The dataset draws from four categories of primary sources: official government immigration websites for visa thresholds and fees, Numbeo and Expatistan for cost-of-living data, the Global Peace Index and WHO Health Efficiency Index for quality-of-life scores, and EF English Proficiency Index and Speedtest Global Index for language and connectivity metrics. Exchange rates come from the European Central Bank. All sources are documented in the data dictionary.
How often is the dataset updated?
The dataset is updated on a quarterly basis. The current version covers Q4 2025 through Q1 2026, with data collection running from October 2025 to March 2026. The next scheduled release is Q2 2026 (April). Each update includes a changelog documenting additions, corrections, and methodology refinements.
How many countries, visa programmes, and cities does the dataset cover?
The dataset covers 26 destination countries, 55+ visa and residency programmes, 76+ cities, and salary benchmarks across 10 professions at three seniority levels (junior, mid, and senior).
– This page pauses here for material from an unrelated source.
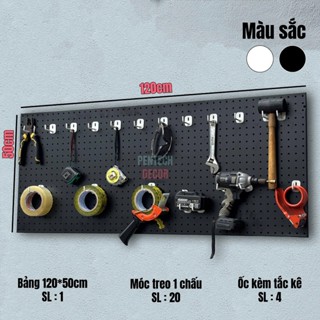 Combo Bảng Pegboard kim loại treo tường cao cấp, bảng lỗ Pegboard decor treo phụ kiện, tấm tôn lỗ treo đồ nghề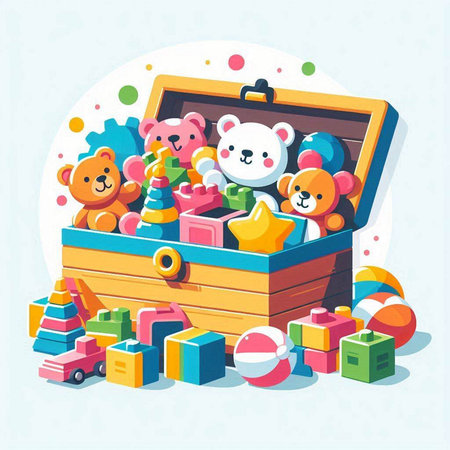 Teddy bear toys in wooden box. Vector illustration in cartoon styleのイラスト素材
The four core datasets are: Visa Thresholds, Cost of Living, Salary by Profession, and Quality of Life.
What file formats are available for download?
All datasets are available in both CSV and JSON formats for maximum compatibility. CSV files can be opened in Excel, Google Sheets, or any spreadsheet application. JSON files are designed for programmatic use in APIs, web applications, and data pipelines. A comprehensive data dictionary (CSV) provides field definitions, data types, units, and permissible values for every column.
What licence applies to this dataset?
The entire dataset is released under a Creative Commons Attribution 4.0 International (CC BY 4.0) licence. You are free to share, copy, redistribute, remix, transform, and build upon the data for any purpose, including commercial use. The only requirement is that you provide appropriate attribution to the Where to Emigrate Research Team and link to the licence.
How is data quality verified and validated?
Data quality follows a three-step process: primary collection from official government sources, cross-referencing against at least two independent secondary sources (e.g., Numbeo vs. Expatistan for cost of living), and normalisation using the European Central Bank reference rates for currency conversion. Quality-of-life indices use a 0–10 normalised scale with a weighted composite: Security 25%, Healthcare 25%, Transport 20%, Climate 15%, Livability 15%.
Are there any known limitations of the dataset?
Key limitations include: monetary values are point-in-time snapshots subject to exchange rate fluctuations; cost-of-living figures represent city averages and may vary by neighbourhood; processing times reflect medians rather than guarantees; salary data covers 10 professions and may not represent niche fields; and visa regulations can change between quarterly updates. Users should verify current requirements with official government sources before making decisions.